= Beginning of Section =

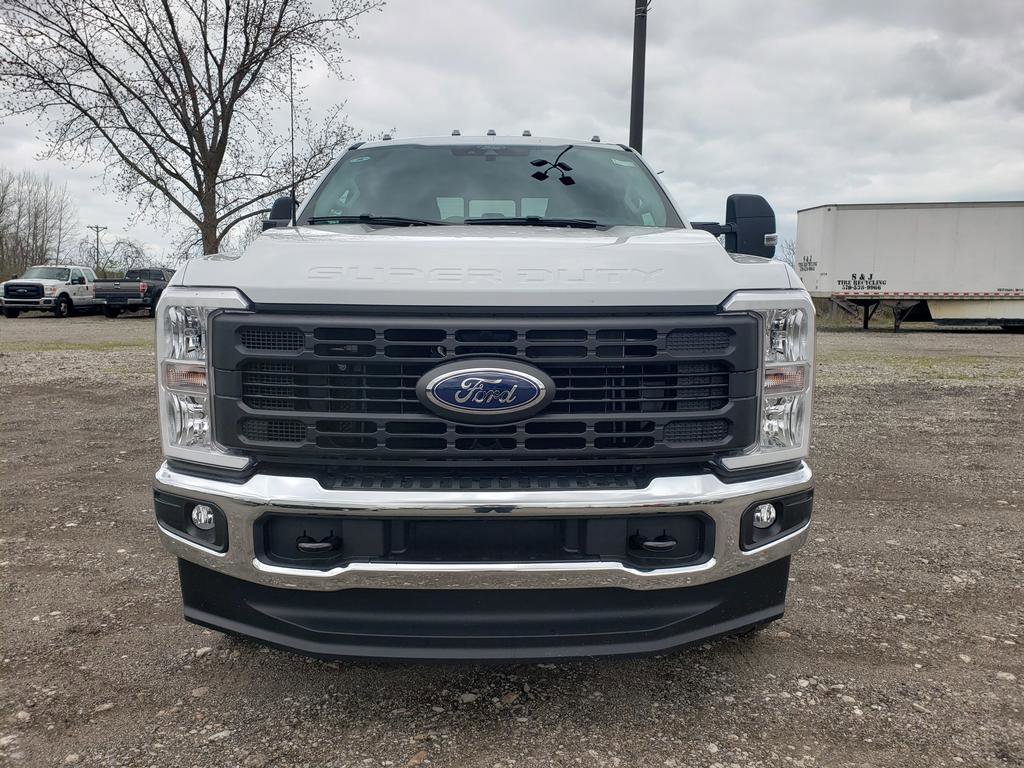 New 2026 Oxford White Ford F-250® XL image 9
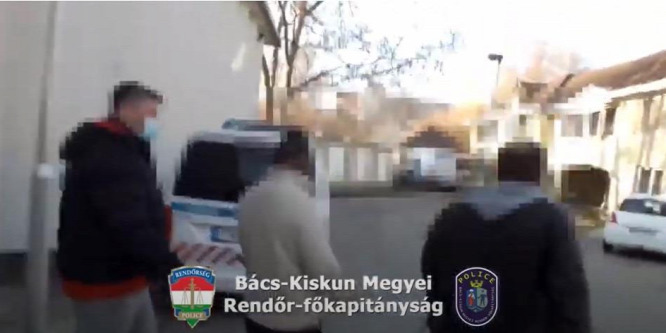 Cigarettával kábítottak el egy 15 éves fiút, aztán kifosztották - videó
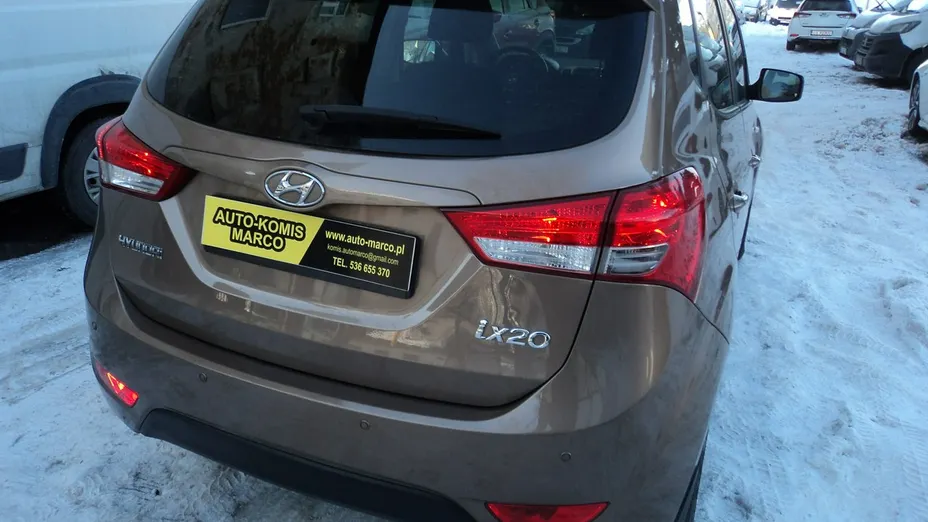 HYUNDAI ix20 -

= End of Section =

# Exercise objective:
From the first line to the last, output the data exactly, without the pictures.

# Response below:
 New 2026 Oxford White Ford F-250® XL image 9
 Cigarettával kábítottak el egy 15 éves fiút, aztán kifosztották - videó
 HYUNDAI ix20 -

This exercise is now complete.